● Exercise brief: Each line below from the line with "BMW 735i Fuel Expansion Container Tank" to the line with "155 River Road" must be copied exactly, including those two, and no picture may appear in the copy.
Provided data: Begin
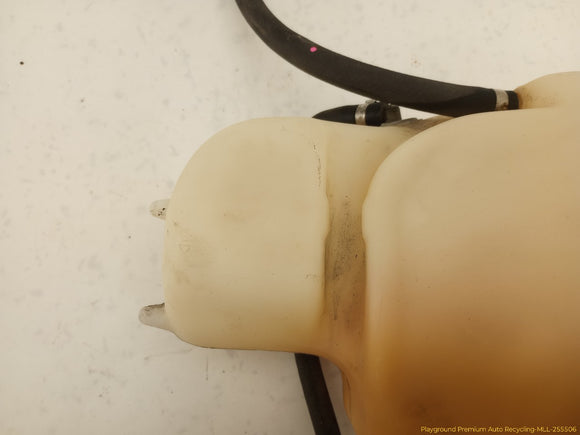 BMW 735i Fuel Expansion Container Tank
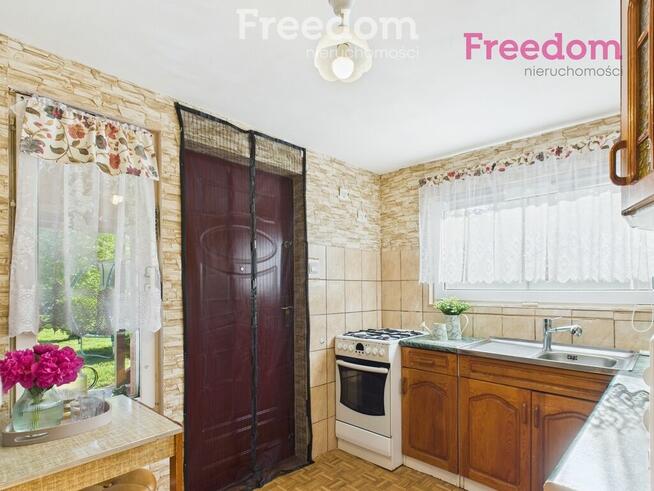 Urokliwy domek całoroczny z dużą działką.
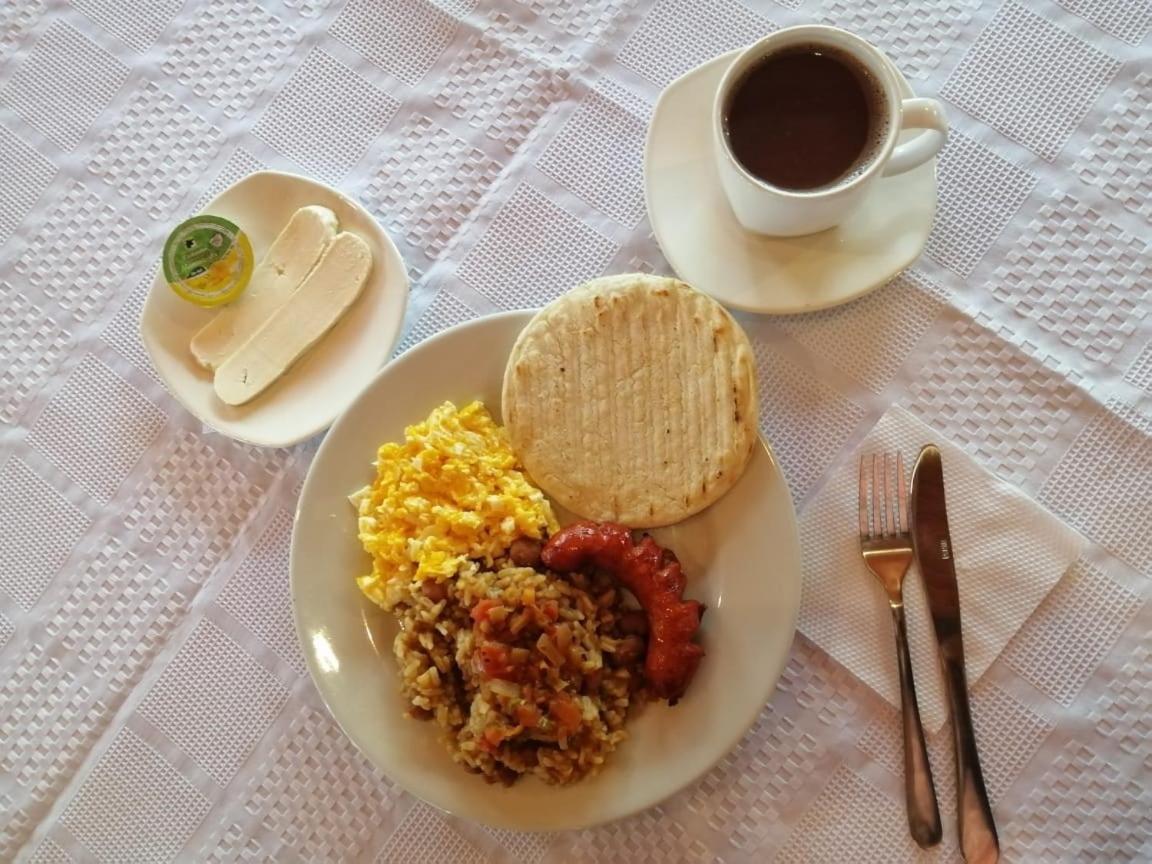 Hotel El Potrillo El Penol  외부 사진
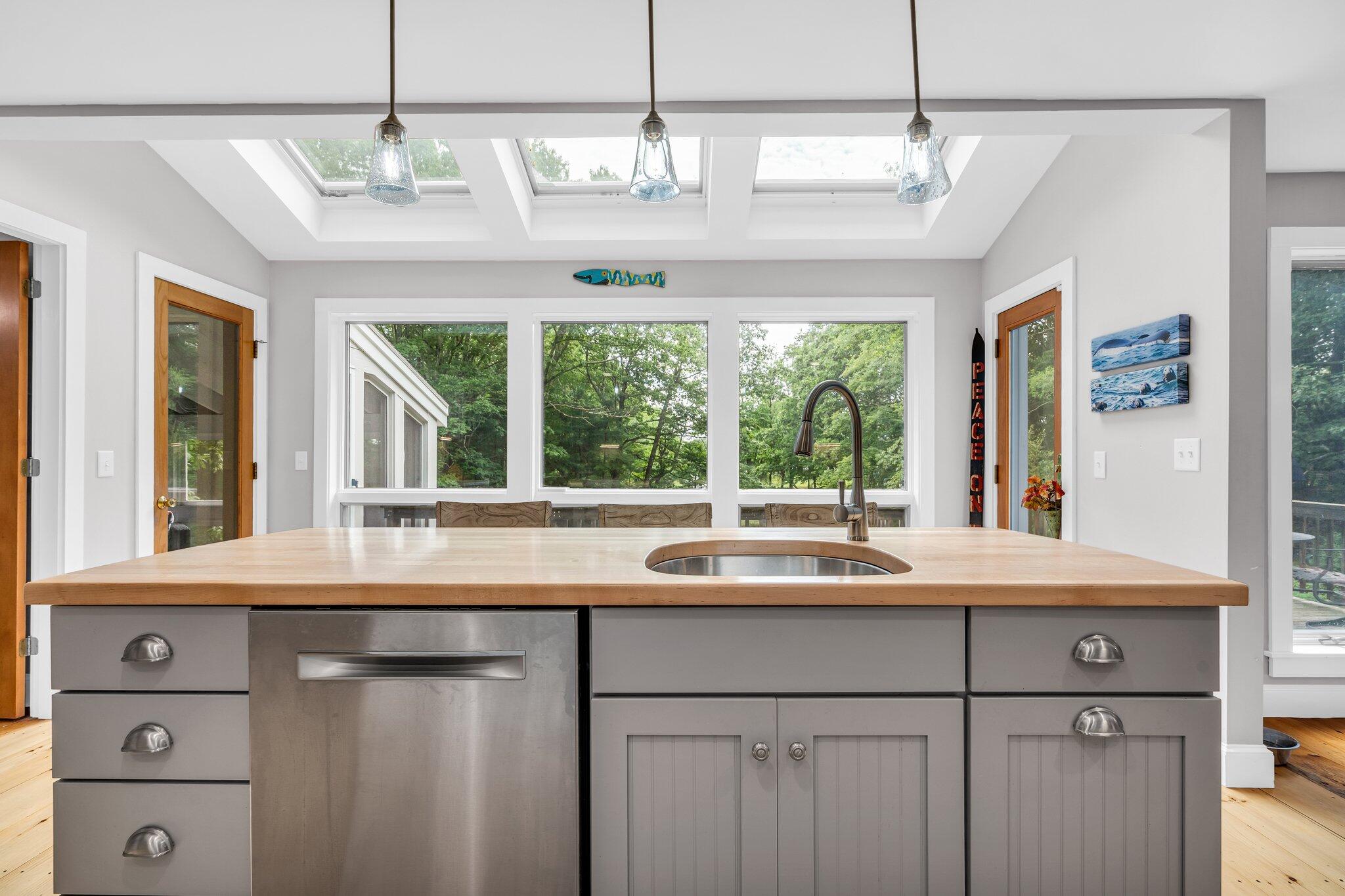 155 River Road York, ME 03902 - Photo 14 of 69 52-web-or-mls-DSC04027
Provided data: End
Provided data: Begin
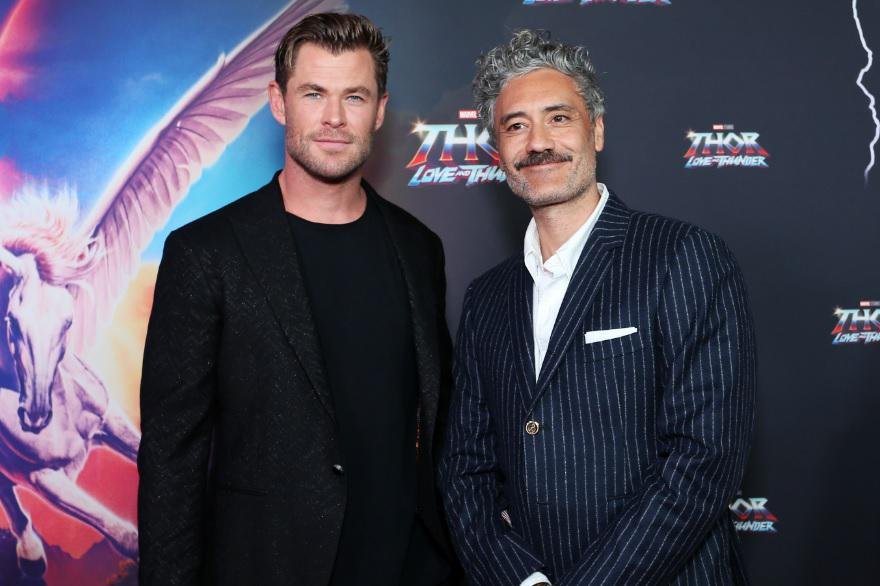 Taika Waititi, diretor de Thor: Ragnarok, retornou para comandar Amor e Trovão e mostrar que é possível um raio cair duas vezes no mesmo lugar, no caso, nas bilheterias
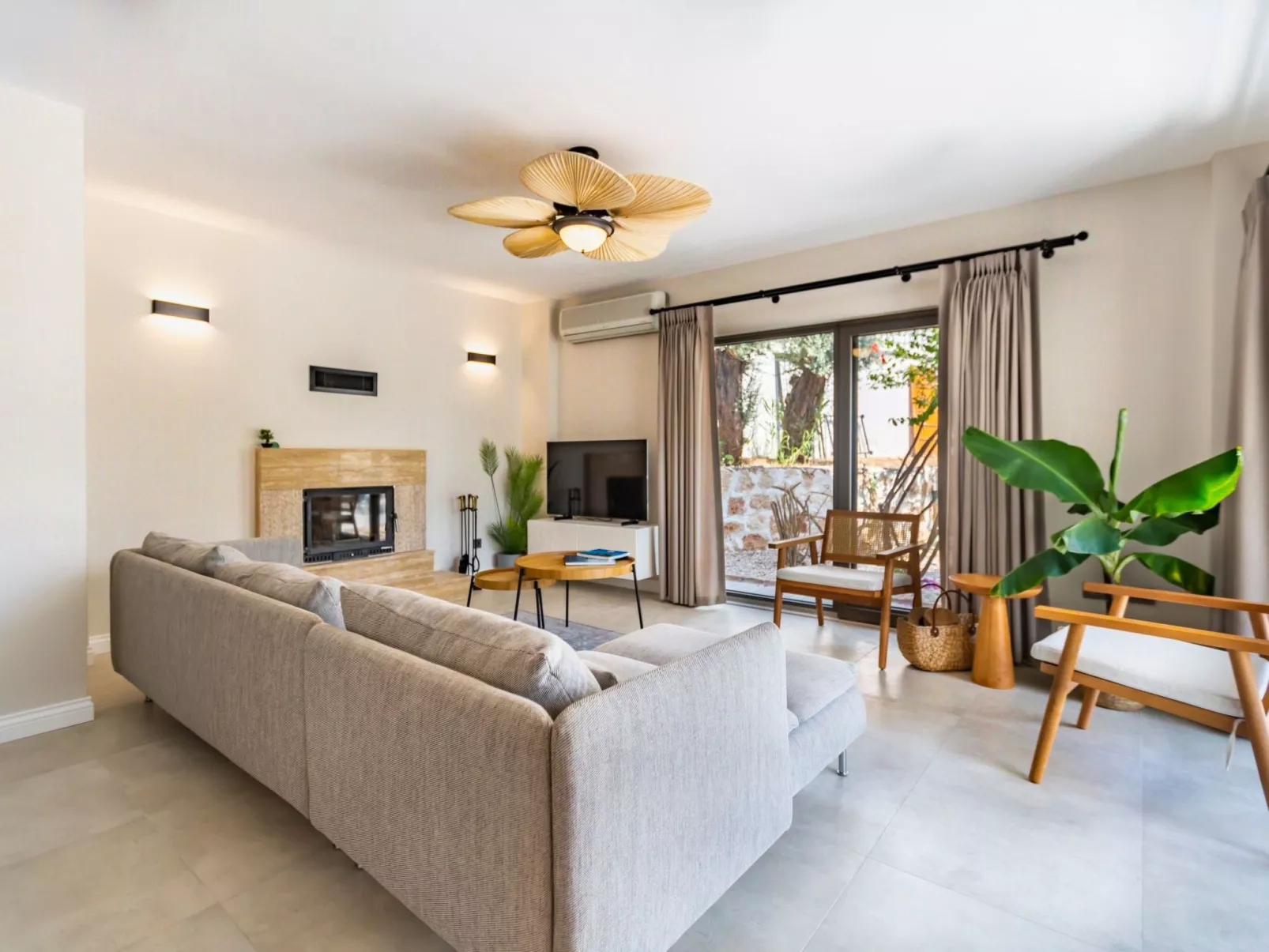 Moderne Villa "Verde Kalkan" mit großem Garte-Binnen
Provided data: End
● Task answer:
 BMW 735i Fuel Expansion Container Tank
 Urokliwy domek całoroczny z dużą działką.
 Hotel El Potrillo El Penol  외부 사진
 155 River Road York, ME 03902 - Photo 14 of 69 52-web-or-mls-DSC04027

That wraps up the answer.